Perhaps the U.S. economy will enjoy a soft landing: Jobs growth would slow toward long-run sustainable levels, and productivity growth would accelerate enough to allow continued gross domestic product growth of 2 percent and increased wage growth without accelerating inflation. But this would require both policy skill and great luck. Given that we are starting from very high debt levels and low unemployment, a recession is the more likely outcome.I am a believer, we can sneak thru, barely on target, just ahead of the recession daters.
Except, at some point we won't be able to hold up Illinois, we have to have a bit i liquidity to stay that one step ahead. And we may go full Calizuela out here, never know with this bunch.

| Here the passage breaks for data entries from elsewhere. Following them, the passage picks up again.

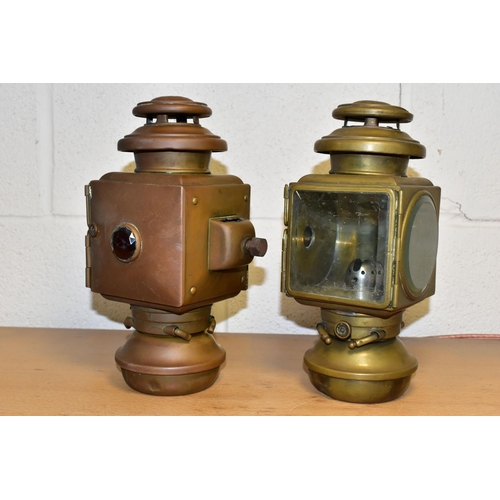 362 - A PAIR OF AMERICAN EARLY BRASS CAR LAMPS, stamped 'E & J Detroit Michigan' to top, height 26cm (2) (... 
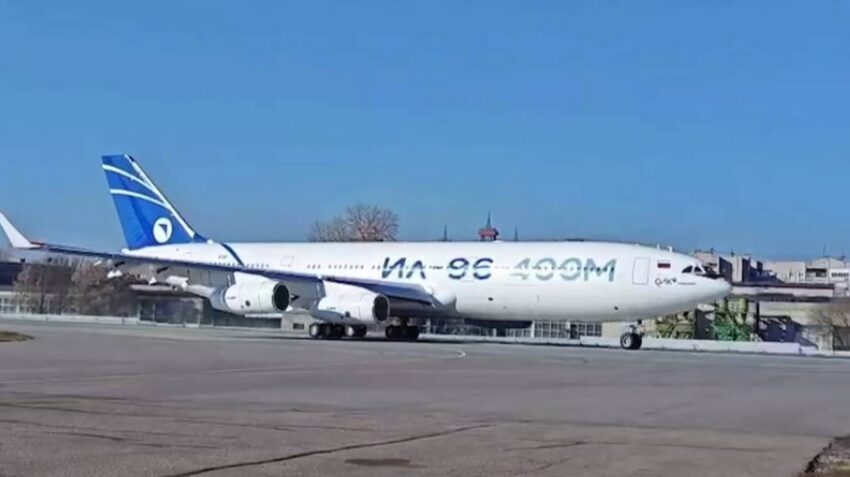 В Воронеже состоялся первый полет самолета Ил-96-400М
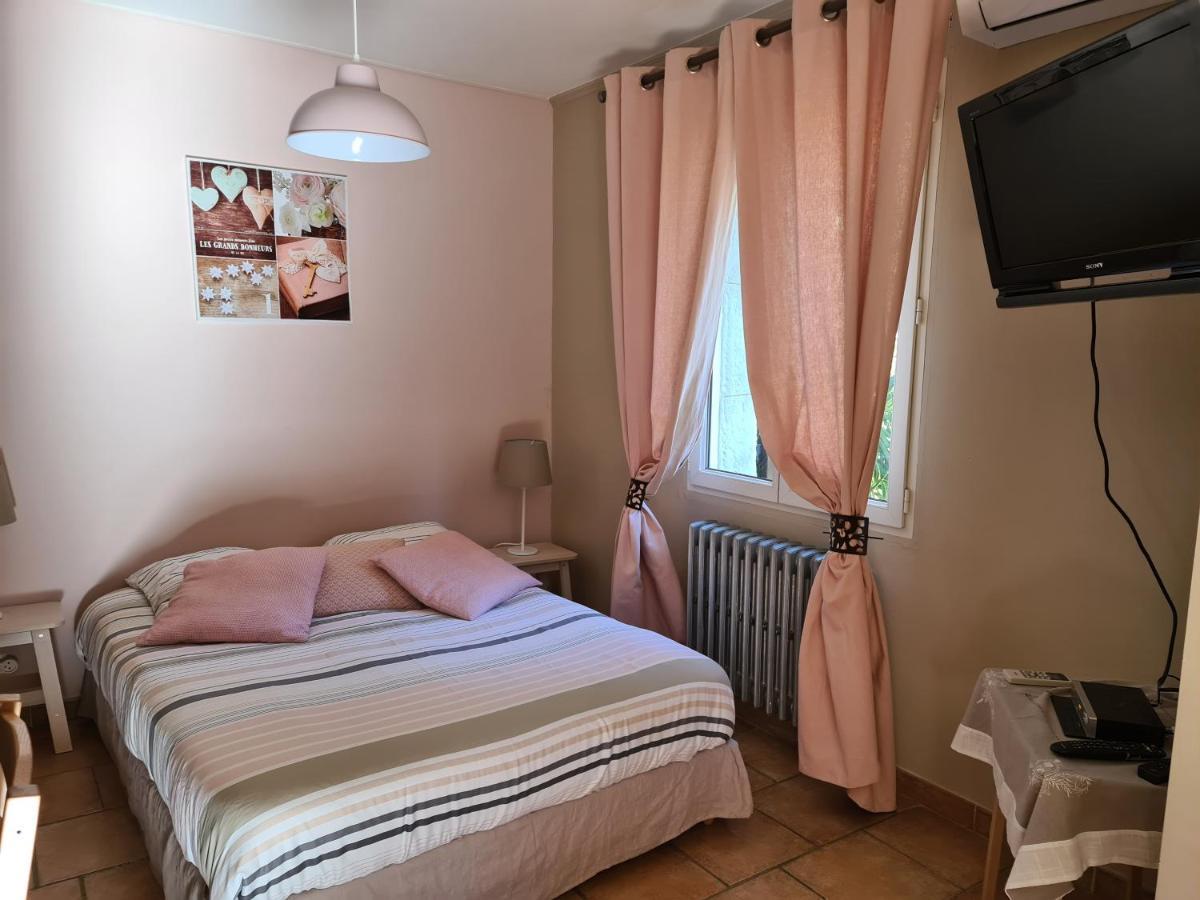 Appartements Dans Villa Privee Avec Piscine, Jardin, Parking Clos, Wifi, Climatisation Meyreuil Εξωτερικό φωτογραφία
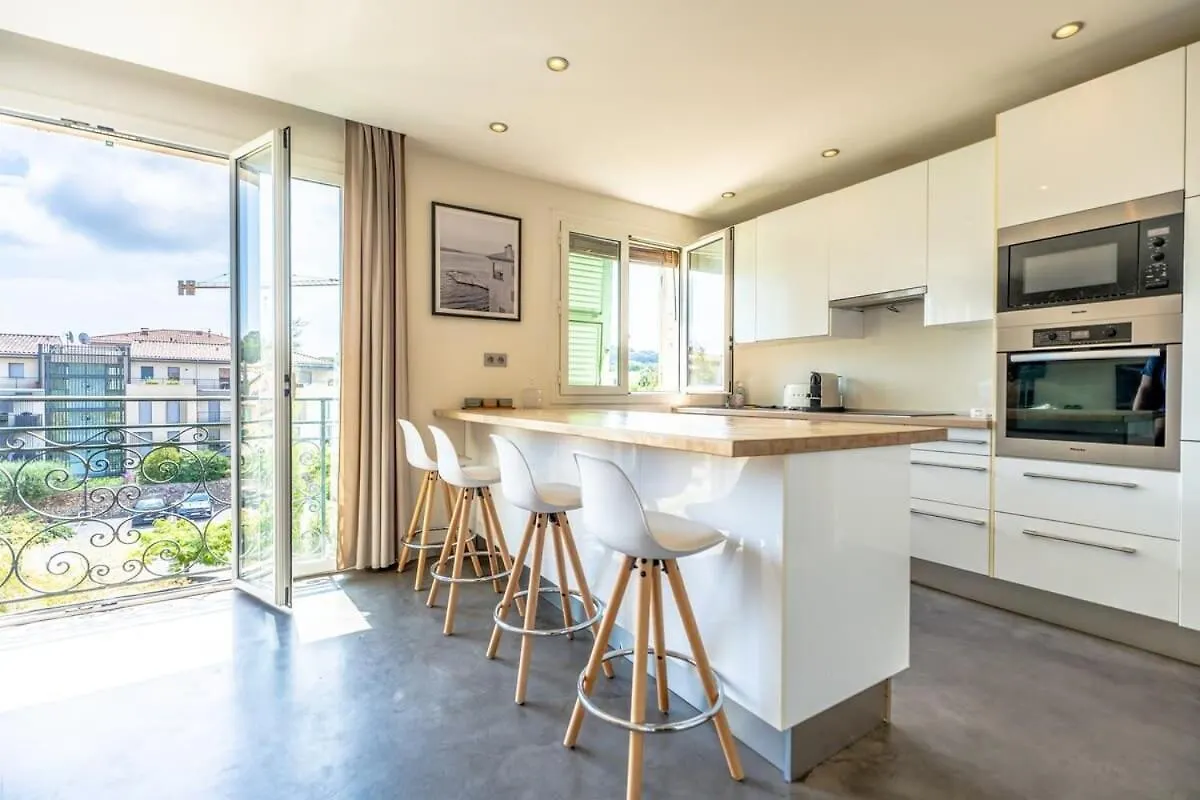 Apartment In The Heart Of St Tropez With Parking Saint-Tropez
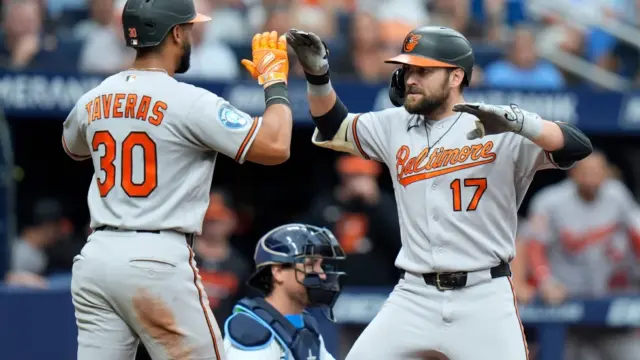 En la foto, El jardinero de los Orioles de Baltimore, Colton Cowser (17), celebra su jonrón de dos carreras ante el lanzador Steven Matz, de los Rays de Tampa Bay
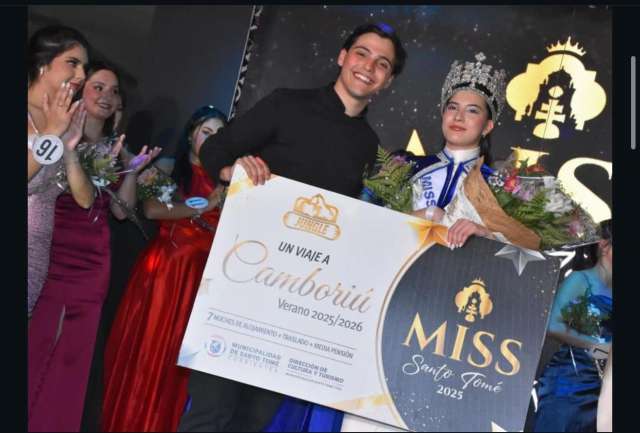 La Agencia Jungle Travel entregó el premio a la Miss Santo Tomé, Thaina Regera,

Guv to cyclical says Brad:
Three of the last four US recessions stemmed from unforeseen shocks in financial markets. Most likely, the next downturn will be no different: the revelation of some underlying weakness will trigger a retrenchment of investment, and the government will fail to pursue counter-cyclical fiscal policy.
If we could move the recession up, to match the Trump sugar, then we get an accidentally counter cyclical gov, except for California, and likely Illinois who will be contrarian relative to Texas and Florida. New Yawk gonna flounder a bit, but they keep the maple syrup trade.
Seriously, if we could just bump along at a 1.8% growth rate, be slightly deflationary for 20 years, then that is a dead enter can kick. We would get mom and dad through a middle class retirement, maybe have a couple of kids.